In the present coating design, stratified multi-structured EPD/RF-20 and EPD/RF-40 coatings showed a slow release of silver ions, which is a beneficial feature to reduce possible cytotoxic effects [26, 28]. Furthermore, the roughness and porosity of the bottom EPD layer contributes to the controlled and sustained release of silver ions. The antibacterial effects of silver nanoclusters is likely related to the release of silver ions (Ag +) in physiological conditions [43, 46, 47]. Silver ions are highly reactive towards electron donor species, such as respiratory enzymes or nucleic acids of bacteria, that can cause bacteria death [43, 47]. Silver ions exhibit a strong binding potential with DNA and proteins of bacteria. These binding interactions may favour the penetration of silver ions into the bacteria, which can result in the disruption of its DNA replication activity [48‐50].

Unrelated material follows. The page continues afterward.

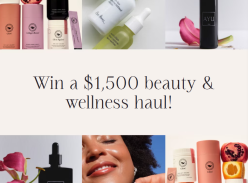 Win a $1,500 Beauty & Wellness Haul - The Beauty Chef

The combination of EPD and RF sputtering has thus led to biocompatiable and antibacterial coatings. Ag containing coatings deposited via EPD led to cytotoxic effects when tested with MG-63 cells. In contrast to this, when Ag was embedded in the silica matrix and deposited via RF sputtering controlled release of Ag ions was achieved resulting in desired antibacterial effect and biocompatibility. Furthermore, the composite bottom layer (PEEK/BG/MBGNs) could be deposited via EPD to achieve relatively high coating thickness and uniform co-deposition of the coating components [24].